YOUR GOAL: Everything from the line containing "AS - Die mobile Reitlehrerin Angela Scheele" through the final line of the listing below should be given again, word for word, and nothing else.

EXERCISE INPUT:
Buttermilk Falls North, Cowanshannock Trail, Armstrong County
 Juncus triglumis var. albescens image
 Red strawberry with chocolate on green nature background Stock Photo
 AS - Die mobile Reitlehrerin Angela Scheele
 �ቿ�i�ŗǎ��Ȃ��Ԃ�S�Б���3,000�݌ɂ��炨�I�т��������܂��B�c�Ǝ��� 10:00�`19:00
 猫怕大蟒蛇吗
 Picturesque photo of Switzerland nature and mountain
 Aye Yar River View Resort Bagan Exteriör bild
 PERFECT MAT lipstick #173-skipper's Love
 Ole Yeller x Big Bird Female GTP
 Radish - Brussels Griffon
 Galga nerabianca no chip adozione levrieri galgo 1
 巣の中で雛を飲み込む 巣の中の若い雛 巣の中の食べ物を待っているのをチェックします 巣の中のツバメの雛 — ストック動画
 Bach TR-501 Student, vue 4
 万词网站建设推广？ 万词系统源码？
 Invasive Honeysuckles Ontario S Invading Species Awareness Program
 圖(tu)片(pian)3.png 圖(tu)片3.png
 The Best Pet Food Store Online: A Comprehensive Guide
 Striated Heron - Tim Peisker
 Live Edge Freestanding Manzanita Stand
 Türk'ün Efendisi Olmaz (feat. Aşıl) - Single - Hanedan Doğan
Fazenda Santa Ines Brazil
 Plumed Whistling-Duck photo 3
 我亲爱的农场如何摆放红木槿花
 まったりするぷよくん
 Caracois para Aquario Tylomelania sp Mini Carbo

RESULT:
 AS - Die mobile Reitlehrerin Angela Scheele
 �ቿ�i�ŗǎ��Ȃ��Ԃ�S�Б���3,000�݌ɂ��炨�I�т��������܂��B�c�Ǝ��� 10:00�`19:00
 猫怕大蟒蛇吗
 Picturesque photo of Switzerland nature and mountain
 Aye Yar River View Resort Bagan Exteriör bild
 PERFECT MAT lipstick #173-skipper's Love
 Ole Yeller x Big Bird Female GTP
 Radish - Brussels Griffon
 Galga nerabianca no chip adozione levrieri galgo 1
 巣の中で雛を飲み込む 巣の中の若い雛 巣の中の食べ物を待っているのをチェックします 巣の中のツバメの雛 — ストック動画
 Bach TR-501 Student, vue 4
 万词网站建设推广？ 万词系统源码？
 Invasive Honeysuckles Ontario S Invading Species Awareness Program
 圖(tu)片(pian)3.png 圖(tu)片3.png
 The Best Pet Food Store Online: A Comprehensive Guide
 Striated Heron - Tim Peisker
 Live Edge Freestanding Manzanita Stand
 Türk'ün Efendisi Olmaz (feat. Aşıl) - Single - Hanedan Doğan
Fazenda Santa Ines Brazil
 Plumed Whistling-Duck photo 3
 我亲爱的农场如何摆放红木槿花
 まったりするぷよくん
 Caracois para Aquario Tylomelania sp Mini Carbo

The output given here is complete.